Kurtuluş konusunda olduğu gibi, ekonomik kalkınma konusunda da Demokrasi Erenleri öncü olmuştur. Her şeyden önce yoksul halk gibi yaşayarak, özveride bulunarak, kamucu anlayışlı çalışmayla umutları bilemiş. Yolsuzluk ve miras tamahından uzak durarak inandırıcı olmuşlar. Öylesine ki; örneğin Hz. Peygamber gibi, Türkiye Cumhuriyeti’nin “kurtarıcı ve kurucu lideri” olan Atatürk; ailesine ve yakınlarına bir nohut kadar miras bırakmamakla ilkeli ve faziletli yöneticiliğin nasıl olduğunu da göstermiştir.

*****

Anadolu’nun yurt edinilmesinde Anadolu Erenleri; yangın yerinde dul, yetim ve sakatlarla bağımsız Türkiye Cumhuriyeti’nin kurulmasında ise Cumhuriyet Erenleri öncü olmuştur. Daha sonra da, bütün olumsuzluklara rağmen, demokratik laik sosyal hukuk devleti olgusunun gerçekleşmesi için Demokrasi Erenleri ortaya çıkmıştır.

Tunceli Belediye Başkanı Fatih Mehmet Maçoğlu, bunlardan biridir.

Fatsa’da Fikri Sönmez, Zara’da Galip Ergut gibi belediye başkanları da Tunceli Belediye Başkanı gibi, her türlü olanaksızlıklara, engellemelere, zalim baskı ve karalamalara rağmen; halk ile el ele olunca kamu hizmetlerinin gerçekleşeceğini örneklediler. En başında, halkın buna inanmasını gerçekleştirdiler. Halk, denetlediği yönetimi, bütün gücüyle destekliyor.
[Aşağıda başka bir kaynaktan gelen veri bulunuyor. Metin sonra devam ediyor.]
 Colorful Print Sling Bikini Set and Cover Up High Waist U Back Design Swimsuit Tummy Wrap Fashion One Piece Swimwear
Yedi başlı dev olan vahşi kapitalist anlayışın bütün şimşeklerini üstüne çekme pahasına halkçılık yapılıyor. Heder edilen “68 Kuşağı” hümanizmasının, “kahır ekseriyeti” emekçi olan Türk Halkı’nın topyekün kalkınma gerçekçiliği örnekleniyor.
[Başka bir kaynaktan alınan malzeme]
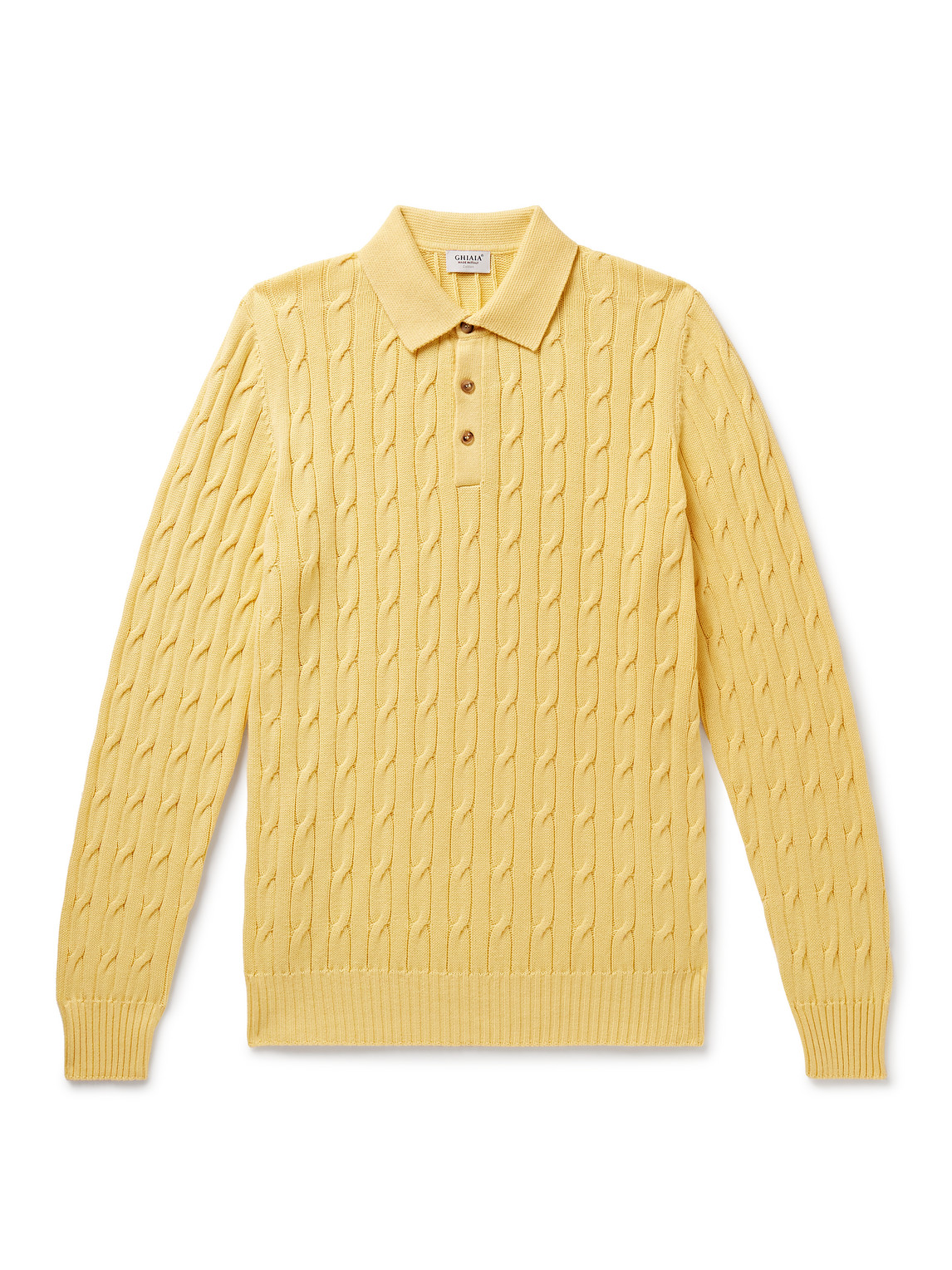 Slim-Fit Cable-Knit Cotton Polo Shirt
Hem de “kır şişeyi dön köşeyi” olağan hale getiren anlayışın düşmanlığı pahasına.

Egemen sömürücü anlayış, besleme basınıyla halkın ayılmasını önlemek için her türlü ahlak dışı uygulamayı yapıyor. En çok da, zalime başkaldırı olarak ortaya çıkan din olgusunu istismar ediyor.
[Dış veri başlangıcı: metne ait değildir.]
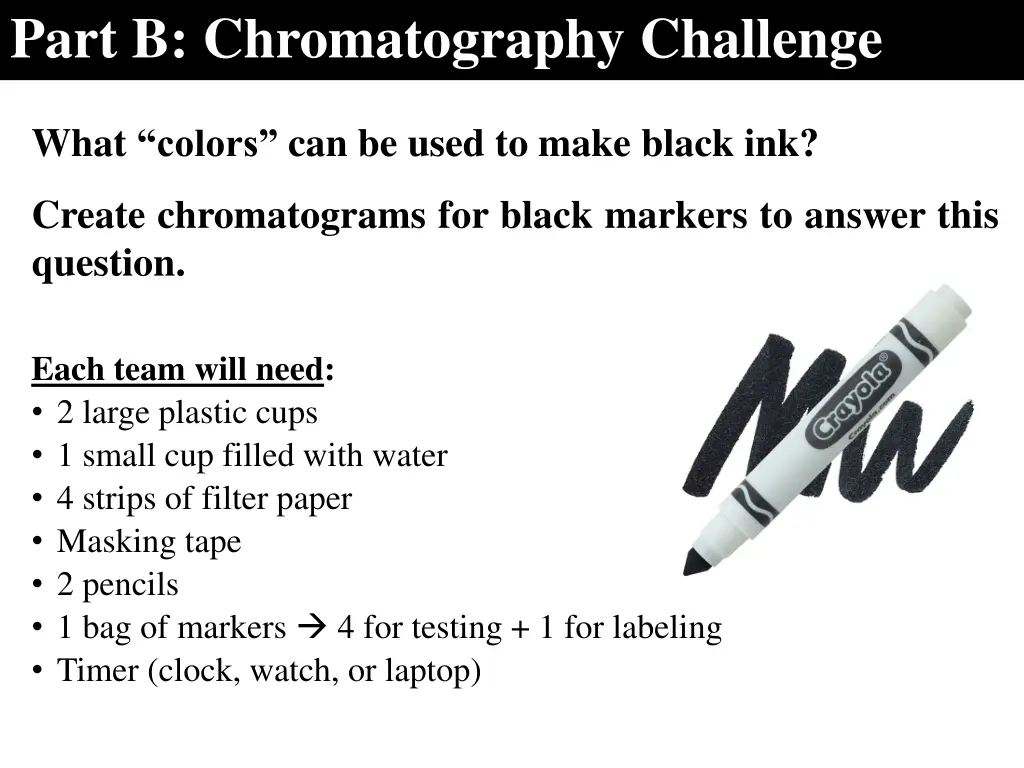 part b chromatography challenge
Sözlük anlamında sol-sağ kavramlarının çarpıtılması; egemen gücün etkenliğiyle din ile ilişkilendiriliyor. Oysa solculuk, alınteri anlamındadır. Sağcılık ise, zalim ve sömürücü egemen anlamındadır. Çağımızda, emek-sermaye ikilemi olarak görülüyor. Fakat emekçi halk, Muhammedi yoldan sapmayı gerçekleştirerek saltanat kuran Emevi’ye inanma aymazlığını sürdürüyor. Çünkü sermaye; mabetten kışlaya, okuldan aileye kadar her yere girmiş, etkisine almıştır. Üstelik halkın sınıf atlama ihtirası içindeki evlatları da cehennem neonlarının cazibesiyle –baltanın sapı gibi- içinden geldiklerine ihanet etmekten çekinmiyor!

Bu koşullarda iyimser ve umutvar olabilmek için peygamber sabrı gerekiyor.